Ingestion Stages

The TimeTiles data ingestion pipeline consists of seven task handlers, sequenced by Payload Workflows. Each task is responsible for a specific aspect of data transformation and validation. This document provides detailed conceptual explanations of each task.

Stage Overview

Task	Handler	Purpose	Batch Size
1. Dataset Detection	`dataset-detection`	Parse file structure and create ingestion jobs	N/A
2. Analyze Duplicates	`analyze-duplicates`	Find duplicate rows	5,000
3. Detect Schema	`schema-detection`	Build progressive schema	10,000
4. Validate Schema	`validate-schema`	Compare with existing schema	10,000
5. Create Schema Version	`create-schema-version`	Persist approved schema version	N/A
6. Geocode Batch	`geocode-batch`	Add location data	Unique locations
7. Create Events	`create-events-batch`	Generate final records	1,000

Tasks 2-7 run per sheet within the workflow. If validate-schema detects schema drift requiring human review, it returns { needsReview: true } and the sheet is paused. After the user approves, the ingest-process workflow resumes from task 5 (Create Schema Version).

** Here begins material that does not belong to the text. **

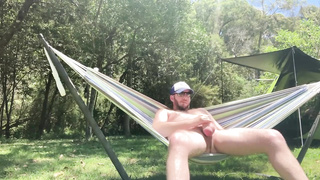 Camping cum-shot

Stage 1: Dataset Detection

Trigger: File uploaded to ingest-files collection Stage: Pre-processing (before import-job creation) Job Handler: dataset-detection-job

Purpose

Parse uploaded files to detect datasets and sheets, creating individual ingestion jobs for each detected dataset. This stage handles both single-sheet CSV files and multi-sheet Excel workbooks.

Process Overview

File Analysis:

Determine file type (CSV, Excel, XLS)
Enumerate all sheets in Excel files
Analyze each sheet structure

Dataset Mapping:

Match sheets to existing datasets by name or configuration
Create new datasets if no match found
Respect catalog associations

Job Creation:

Create one ingestion job per dataset/sheet combination
Each job processes independently through all subsequent stages
Jobs link back to parent ingest-file

Multi-Sheet Excel Handling

Excel files with multiple sheets create separate ingestion jobs:

Example: File “company_events.xlsx” with three sheets:

Sheet “Conferences” → Dataset “conferences” → Ingestion Job #1
Sheet “Workshops” → Dataset “workshops” → Ingestion Job #2
Sheet “Webinars” → Dataset “webinars” → Ingestion Job #3

Each ingestion job progresses through all task stages within the parent workflow.

Ingestion File Status

The parent ingest-file status reflects the aggregate state:

Processing: While ANY ingestion job is incomplete
Completed: When ALL ingestion jobs succeed
Failed: If ANY ingestion job fails

Next Task

The workflow proceeds to the per-sheet pipeline, starting with Analyze Duplicates for each detected sheet.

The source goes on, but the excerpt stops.